Being queer or Jewish or both does not come with a pass to carry out systematic oppression, violence and dispossession against another group of people. Israel's partial and uneven acceptance of (some) LGBTQ people does not justify its horrific and obscene treatment of all Palestinians--queer and straight.
WE CELEBRATE Pride every year in June to commemorate the Stonewall Rebellion of 1969 and the modern LGBTQ movement to which it gave birth. What most people probably don't know is that Stonewall took place in an era of radicalism, a time period when movements actively saw themselves in solidarity with liberation struggles taking place across the world against all systems of oppression, empire and occupation.
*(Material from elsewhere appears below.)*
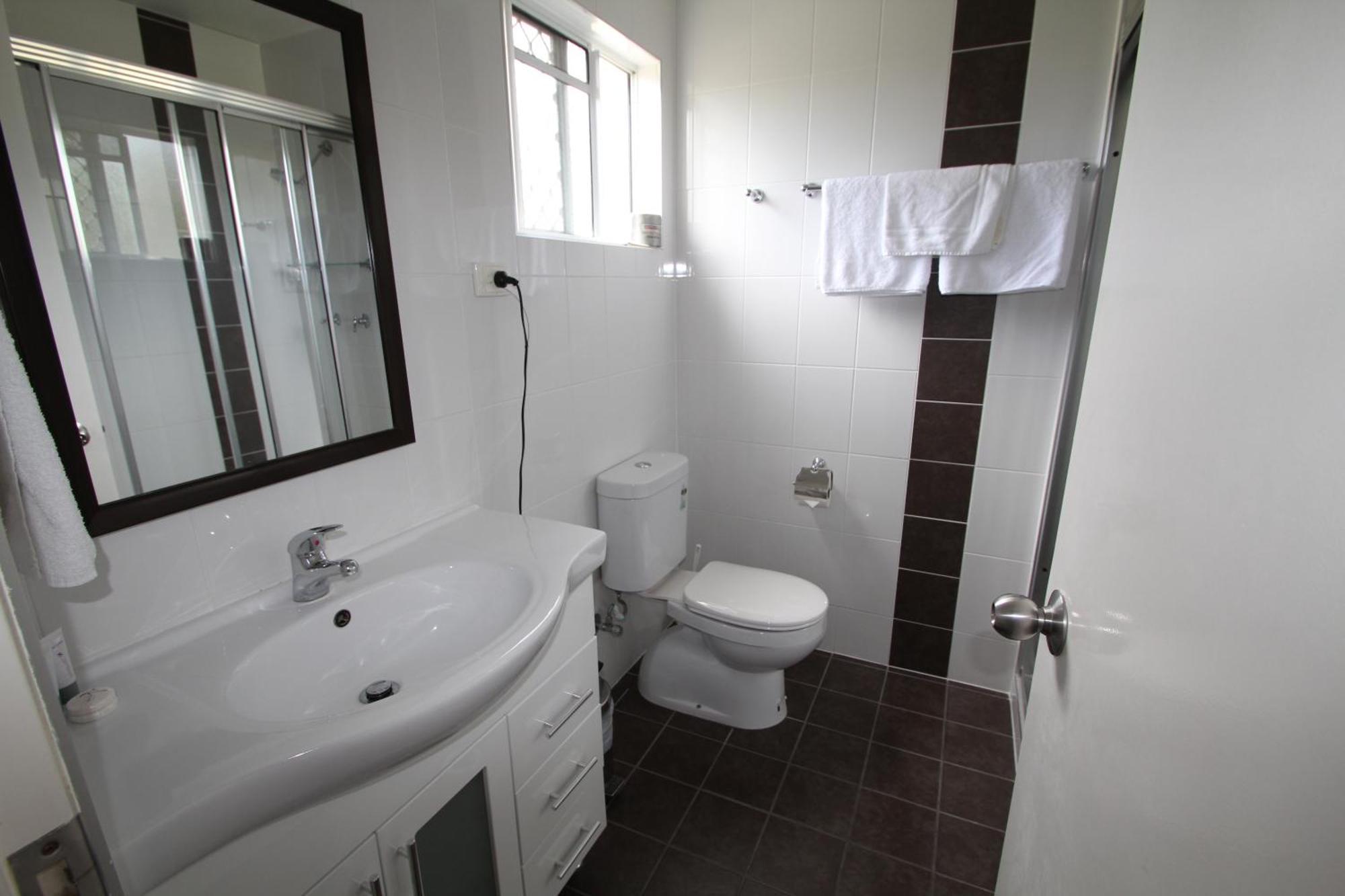 Executive King Room,1706850220:JPEG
The gay liberation movement of the '60s and '70s was no different.
Gay liberationists understood that sexual and gender freedom were impossible without confronting and dismantling the interlocking systems of exploitation and oppression that grind down and suffocate all of us--LGBTQ and straight. This meant then, as it does today, that solidarity and a willingness to confront all forms of oppression queer people experience--Palestinians included--need to be central to our movement.
The U.S. funds Israel to the tune of $3 billion a year, making it one of the largest recipients of U.S. foreign aid. As people in the U.S., not only do we have a particular responsibility to speak out against Israel's crimes, but if we are organized and effective enough, we also hold the potential power to bring them to a halt by cutting off U.S. funding.
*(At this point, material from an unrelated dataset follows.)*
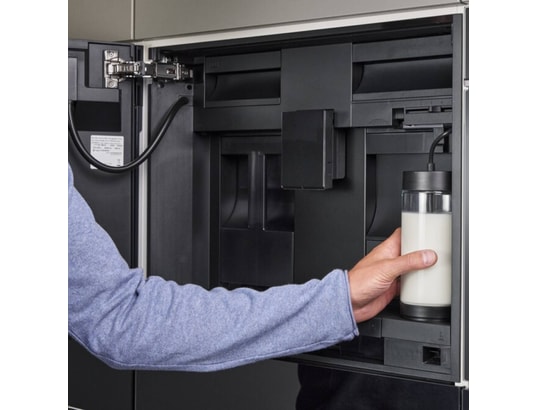 Cafetière Bosch - Machine à café Bosch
Thankfully, there is already a growing movement on campuses and in communities pushing for this; it's called "boycott, divestment and sanctions." The BDS movement has three simple demands: 1) an end to the occupation and the dismantling of the Apartheid Wall, 2) equal rights for all Palestinians within Israel, and 3) the right to return for all Palestinian refugees.
As queer people, we have a political and moral obligation to speak out and not allow our collective identity, our history and our struggle against oppression to be used in the service of colonialism and occupation. If you haven't already, educate yourself about the Palestinian struggle, and join the global BDS movement.
There's no pride in pinkwashing apartheid.
For more information about Israeli apartheid and the occupation, check out itisapartheid.org and endtheoccupation.org. For more information about the BDS movement and how to get involved, check out bdsmovement.net.
First published at the Rainbow Times.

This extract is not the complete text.